#### Source data:
#####

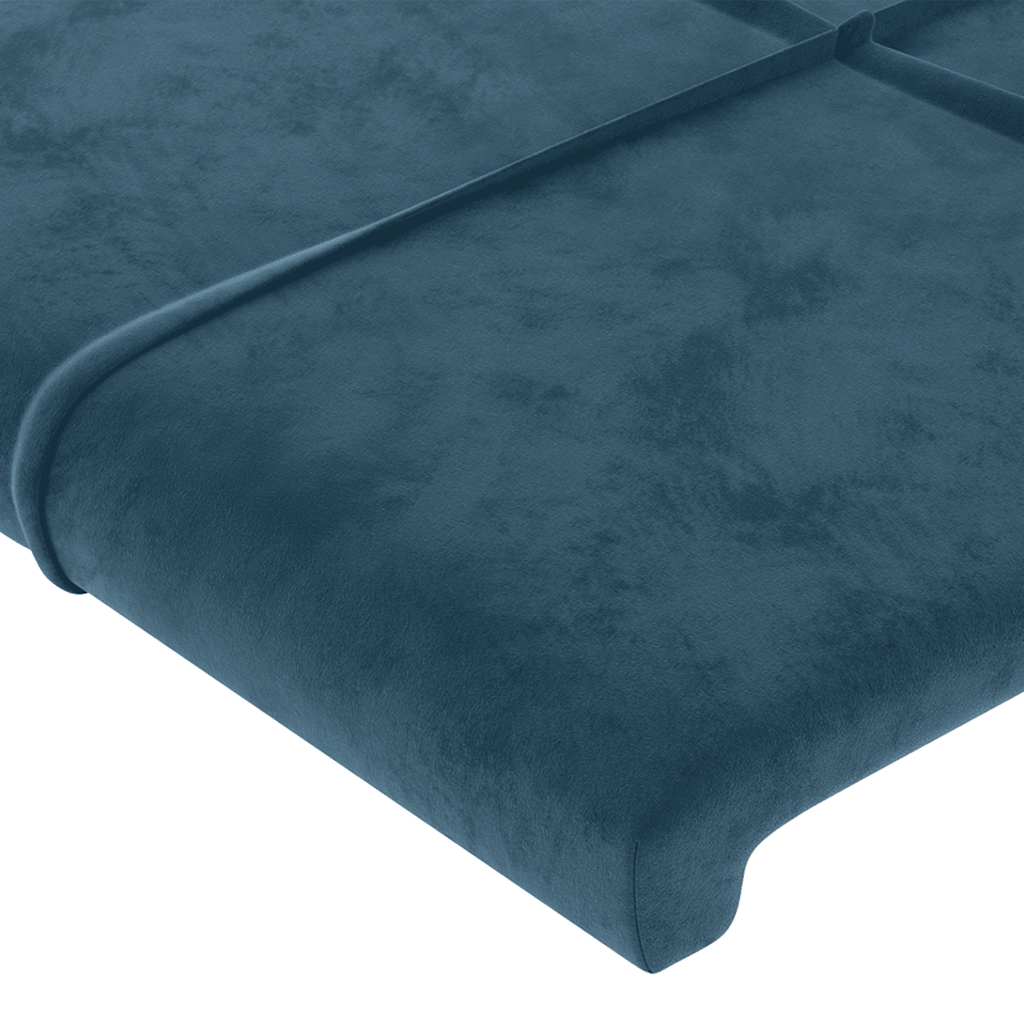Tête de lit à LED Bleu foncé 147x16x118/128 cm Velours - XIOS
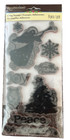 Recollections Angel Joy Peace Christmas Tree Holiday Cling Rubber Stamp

#####

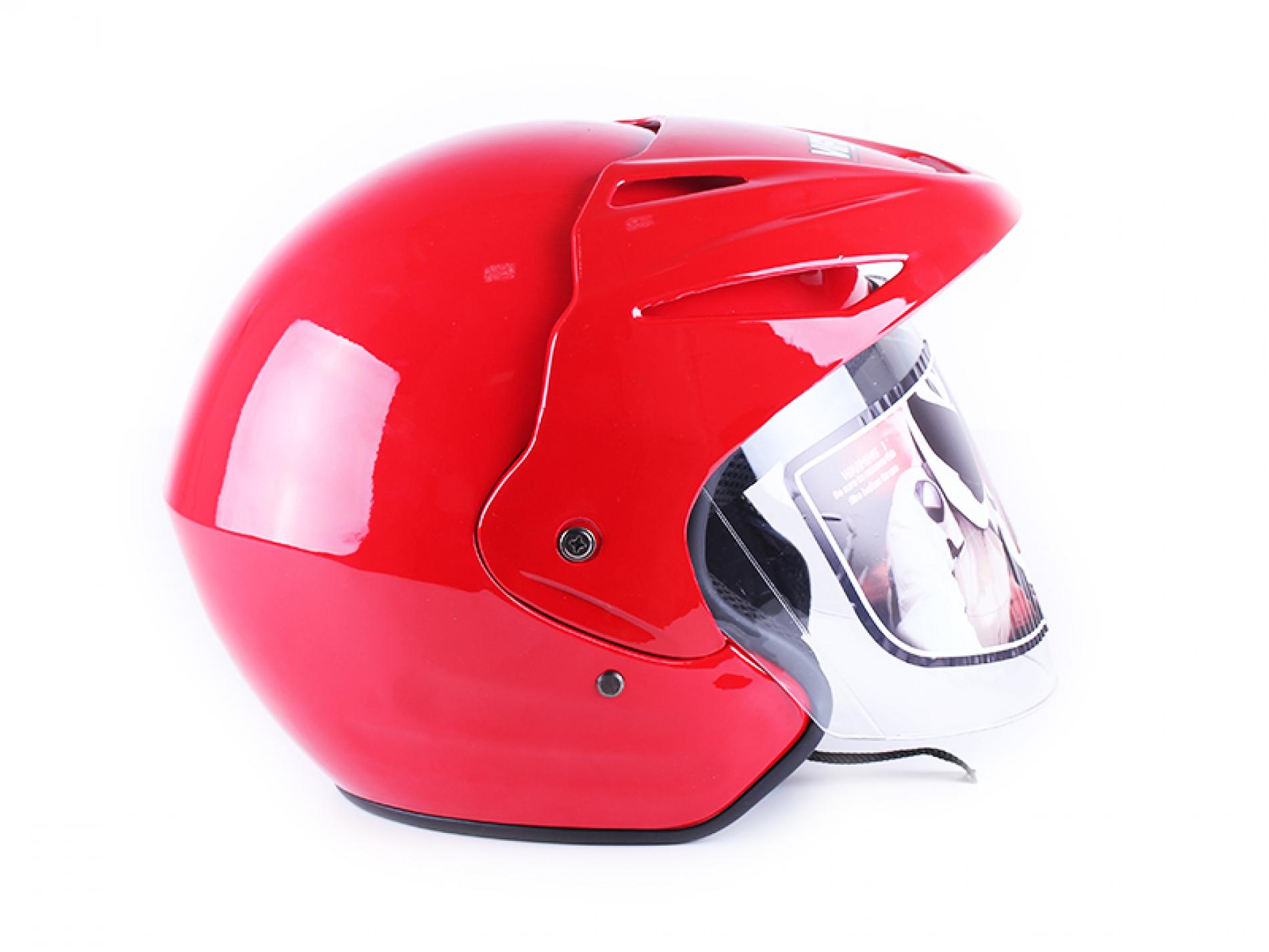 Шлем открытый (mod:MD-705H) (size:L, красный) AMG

#####

#### Aim of the task:
Extract from the material above the stretch running from the line containing "Tête de lit" through the line containing "Recollections Angel Joy". Keep the text exact and the pictures out.

#### Your solution:
Tête de lit à LED Bleu foncé 147x16x118/128 cm Velours - XIOS
 Recollections Angel Joy Peace Christmas Tree Holiday Cling Rubber Stamp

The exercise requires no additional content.